TRIBUNNEWS.COM, JAKARTA — Kabar duka menyelimuti pelaksanaan ibadah haji tahun 2026. Seorang jemaah haji asal Kabupaten Bogor, Jawa Barat, dilaporkan meninggal dunia di Arab Saudi pada Selasa (5/5/2026).
Juru Bicara Kementerian Haji dan Umrah, Suci Annisa, mengonfirmasi jemaah yang wafat adalah seorang perempuan bernama Soleh Salimar dari kloter JKS 05.
"Semoga almarhumah mendapat tempat terbaik di sisi Allah dan keluarga yang ditinggalkan diberikan ketabahan," ujar Suci dalam konferensi pers virtual, Rabu (6/5/2026).
Faktor Risiko Kesehatan Jemaah
Wafatnya jemaah asal Bogor ini menambah daftar duka nasional dengan total 10 jemaah Indonesia yang meninggal dunia di Tanah Suci hingga saat ini.
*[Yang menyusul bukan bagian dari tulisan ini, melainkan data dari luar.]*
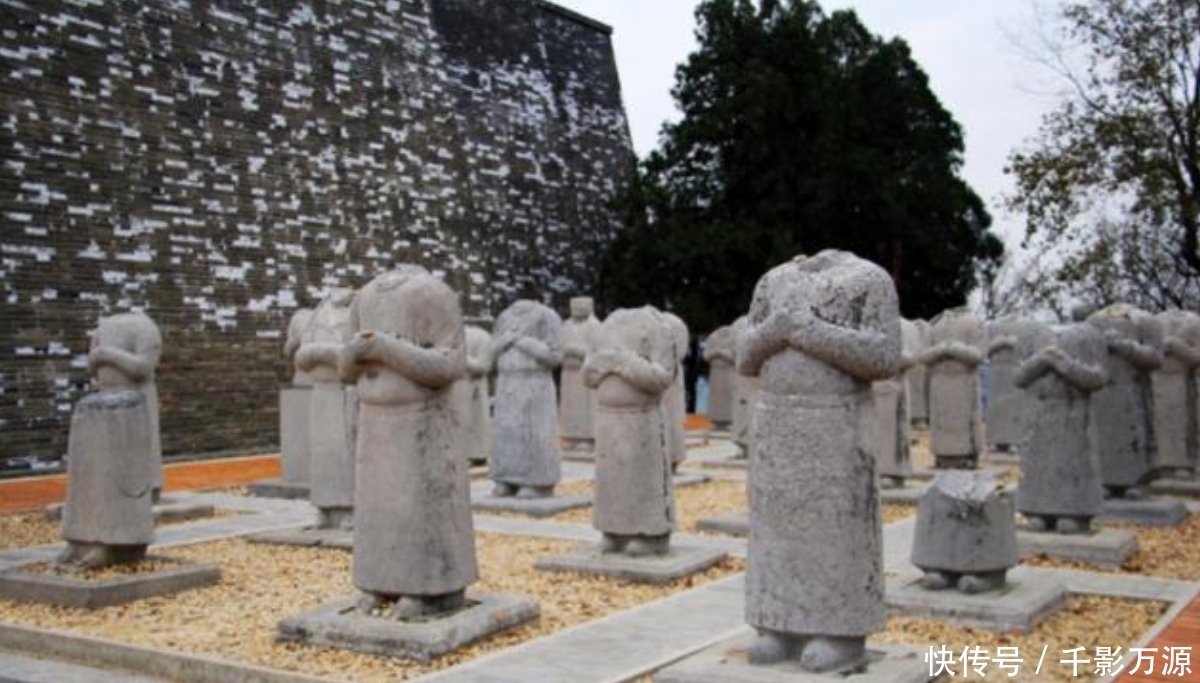 武则天|武则天墓前有61个无头石像,千年来无法解释,被2位农民解开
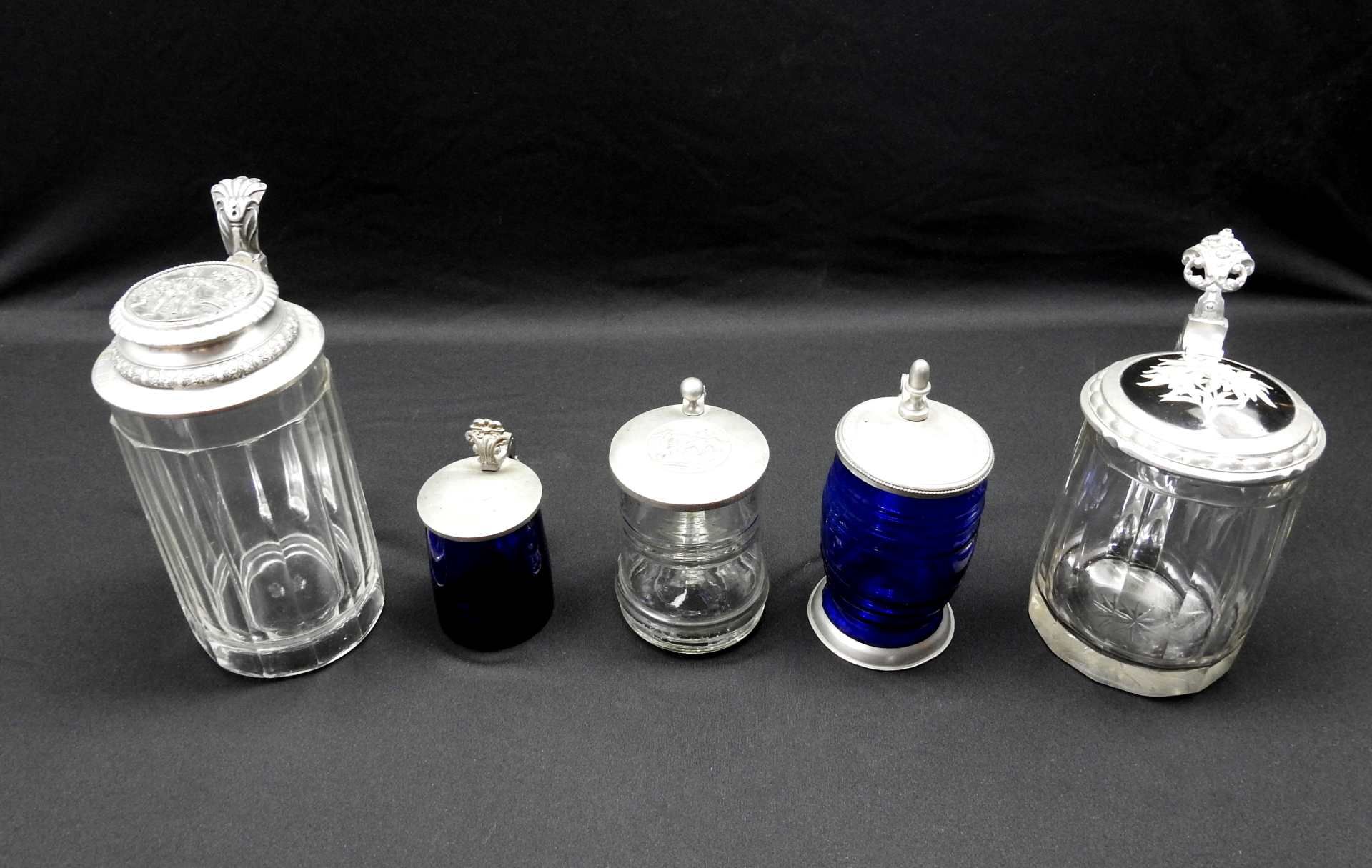 Sammlung von fünf Glaskrügen Klares und kobaltblaues Glas, mit aufwendig gearbeitete - Image 12 of 13
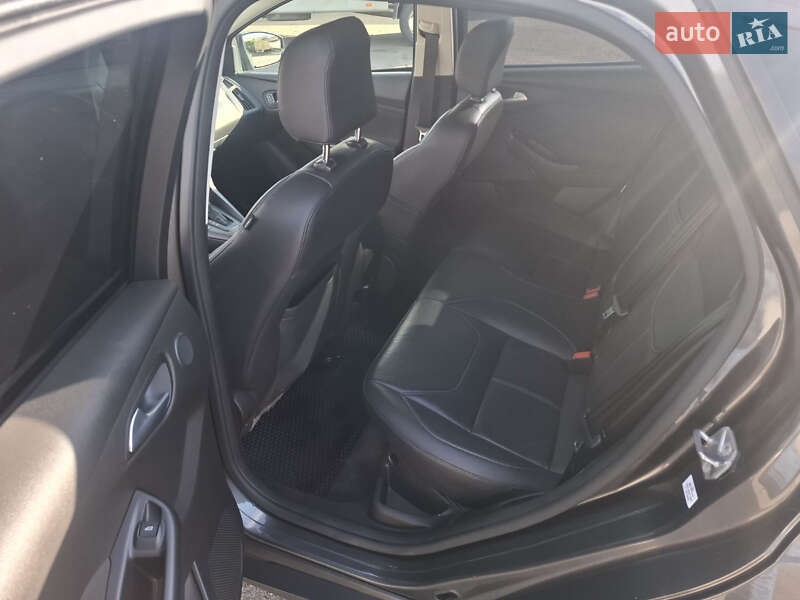 Хэтчбек Ford Focus 2015 в Одессе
Berdasarkan evaluasi medis, penyebab kematian terbanyak dipicu oleh penyumbatan pembuluh darah ke jantung (kardiovaskular) serta radang paru-paru (pneumonia).
Guna mengantisipasi risiko tersebut, pemerintah memastikan layanan kesehatan terus berjalan di setiap level.
"Kami terus memastikan layanan kesehatan berjalan optimal, baik melalui pos kesehatan di kloter maupun fasilitas rumah sakit rujukan di Arab Saudi," tegas Suci.
Baca juga: Suhu di Makkah Tembus 40 Derajat, 2 Jemaah Haji Indonesia Diduga Alami Heatstroke
Data Rawat Jalan dan Rujukan
Selain data jemaah wafat, angka jemaah yang memerlukan bantuan medis tercatat cukup signifikan.
Hingga saat ini, sebanyak 12.725 jemaah telah menjalani rawat jalan akibat berbagai keluhan kesehatan selama proses ibadah.
Dari jumlah tersebut, 144 jemaah harus dirujuk ke Klinik Kesehatan Haji Indonesia (KKHI) dan 232 lainnya mendapatkan penanganan di rumah sakit setempat.
Saat ini, tercatat masih ada 70 jemaah yang menjalani perawatan intensif di rumah sakit rujukan Arab Saudi.